Posted in Buried Treasure on April 8th, 2011 by H.P. Taskmaster

Probably five years ago, a standard yellow padded envelope came across my desk with an elaborate predatory bird drawn on it in red permanent marker. I liked the drawing so much that I kept the envelope and still have it. Of course, it helped that Caltrop‘s 2006 demo, which was contained inside, was killer. The band struck a dirty blues-based sludgy note without going overboard in terms of the aggression, and I still take out that demo every now and then and listen to it.

I even included a track in the all-Southern podcast a couple months back, if you want proof.

In the intervening years between then and now, the Chapel Hill, North Carolina, four-piece released their first full-length, World Class, through local imprint Holidays for Quince Records. That was 2008, and though I don’t really have any excuse for doing so, I completely missed the boat on the record. Hey, it happens.

I had planned on picking up World Class when Caltrop played Webster Hall in NYC with Batillus and Hull as the two closed out their tour together at the end of last month, but real life intervened in the form of homework and I didn’t get there. Nonetheless, enough was enough when it came to not owning the album. I dialed up Caltrop‘s website to see if they had a copy for sale, and when they didn’t, I went next to the label. Lo and behold, the package came in Wednesday’s mail.
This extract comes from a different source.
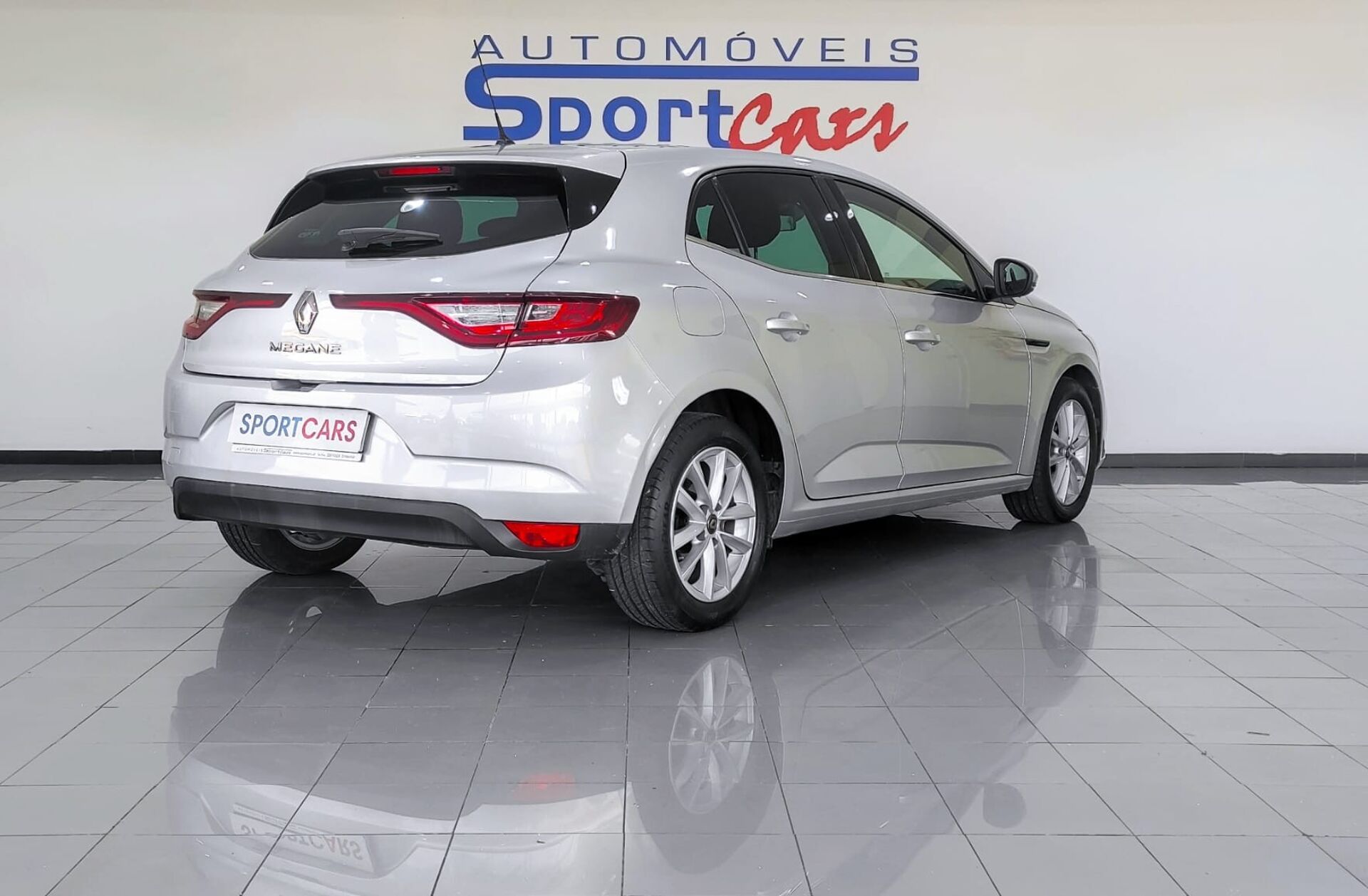 RENAULT Mégane 1.5 Blue dCi Zen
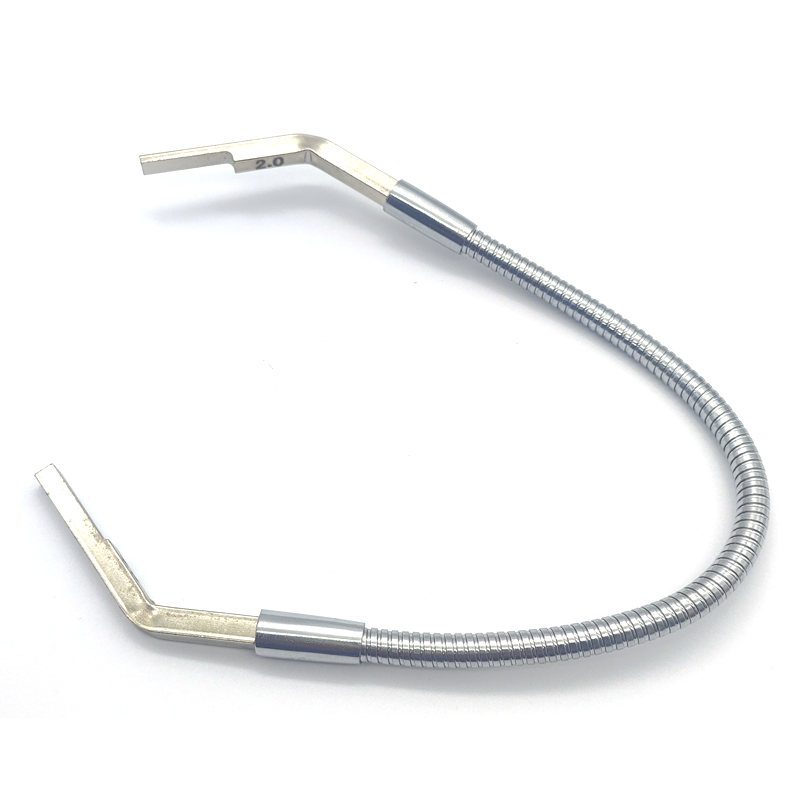 兴酉 软管缺口标尺 2.0-4.0mm 支高清大图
The sweet Hendrixian fuzz of “Bloodroot” makes World Class worth the $12 I paid for it anyway, but there’s something humble about the vocals too. It’s the same quality that made Pennsylvania‘s Pearls and Brass such a delight to listen to when they were together. It’s folkish and rural, swampy and humid-sounding, but still edgy and better suited to the music than you might think. There’s no pretense in what Caltrop does to being sludge, or stoner, or whatever. They just play the heavy tones they want to hear. That comes through on World Class, and so, the record every bit lives up to its name.

Only shame about the whole thing is that I’m three years late on the album, but if you head over to the Caltrop page on Facebook, it looks like they recently did some recording, so maybe I’ll get my chance to be more timely sometime before 2011′s out. Either way, now that I know what I’ve been missing, I’ll be sure it doesn’t happen again.